Carmen leaned over, bending at the waist, and opened a trapdoor in the cloud. A staircase led down into a hot, cedar-scented underground space. Patricia had no idea how Carmen was making these trapdoors in and out of the clouds. She recognized the furnace room beneath the Great Lodge in Alaska where she’d spent a few months on a work-study break, looking after the sled dogs and chopping wood to put into the immense boiler—the boiler that occupied roughly the same portion of her field of vision as Seadonia had, so it felt as though she were descending a staircase from the clouds to the oil rig. The illusion dissipated as she neared the floor level and the furnace rose in front of her. On all sides, the walls were big cement blocks, stained by years of smoke. As they came around the wide hips of the steel burner, Patricia was reminded of the house she’d grown up in, with the bones of the spice warehouse around her. And then she came around the other side, and saw what was different about the furnace. It had a great iron face looking into the cinder-block darkness, and it was weeping ashes.

“Don’t touch it,” Carmen said, walking deeper into the cellar without sparing the agonized metal face a second glance.

“Why not?” Patricia rushed to catch up.

“Because it’s hot,” Carmen said. “It’s a furnace.”

The furnace room stretched into the darkness, way beyond the outer wall of the real-life lodge, and soon Patricia was groping her way forward in total pitch blackness, without even the faint glow from the stove to see by. She navigated by the sound of Carmen’s voice.

The footing became uneven, piled with jagged shapes. Like shells or fragments of metal. Torn discarded computer parts, or flint-sharp stones. Every step became more jabby and stabby than the last, even through the soles of Patricia’s decent mary janes.

“Take off your shoes and throw them away,” Carmen said, “or your feet will be cut to pieces.”

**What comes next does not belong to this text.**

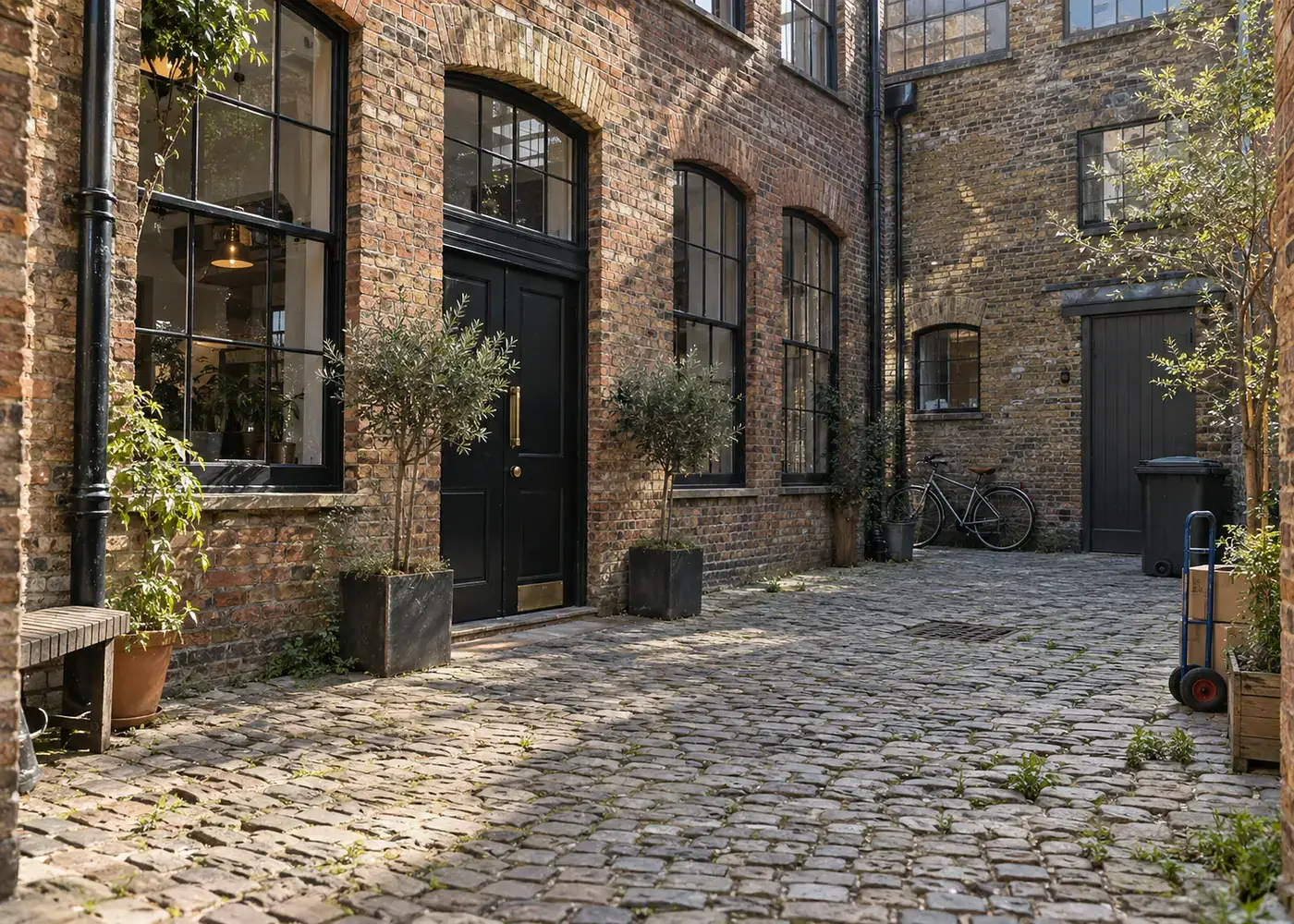 A quiet cobbled yard with a converted red-brick print warehouse and a black door between two potted olive trees.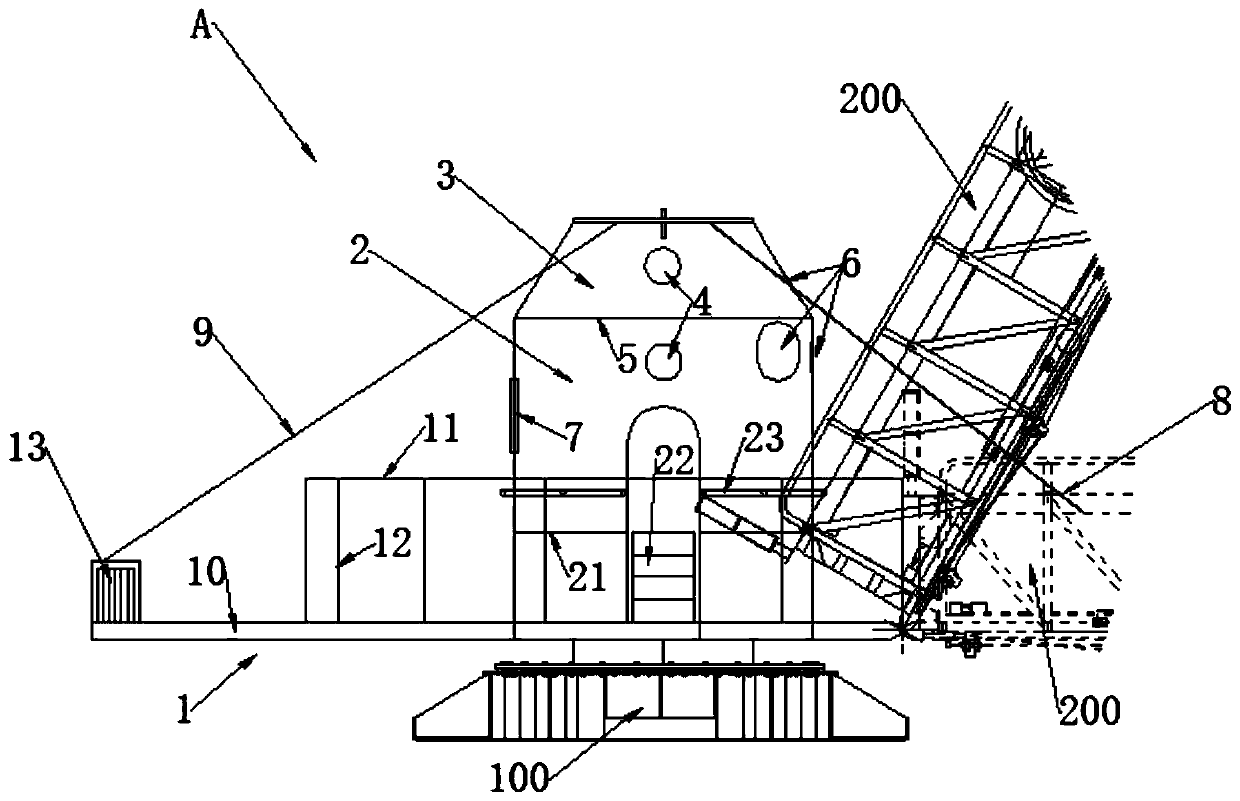 Wind power sea oil type sea boarding gangway bridge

Patricia hesitated a moment, but every step was like treading on knives. So she slipped her shoes off, one and then the other, and tossed them aside. She heard the sound of teeth devouring her shoes, chewing and grinding. As soon as she was barefoot, she felt as though she were walking on a well-kept lawn. She still could not see at all, nor were there any scents. But as she strode forward she heard a low siren wail, like a baby’s cry slowed to half speed. Patricia started heading toward that sound, which seemed more plaintive and pathetic the closer she got, but Carmen grabbed her arm and said, “Ignore it.”

Carmen steered Patricia in a different direction, so they came near to the source of the deep caterwauling but passed by it. Soon Patricia felt her feet sinking into the “ground” a little more with each step, so that she felt the grass or whatever it was around her ankles as her feet squished into something like soil.

A few steps later, Patricia was walking into the loose sod up to her mid-calves. She smelled something sweet, like a hundred flowers in a single bouquet mixed with a fresh bag of cane sugar from her old bakery job. The kind of sweetness that’s comforting and nauseating and appetizing all at once. It grew stronger, every step forward Patricia took, and meanwhile the racket underfoot was swallowing her calves whole each time she stepped down.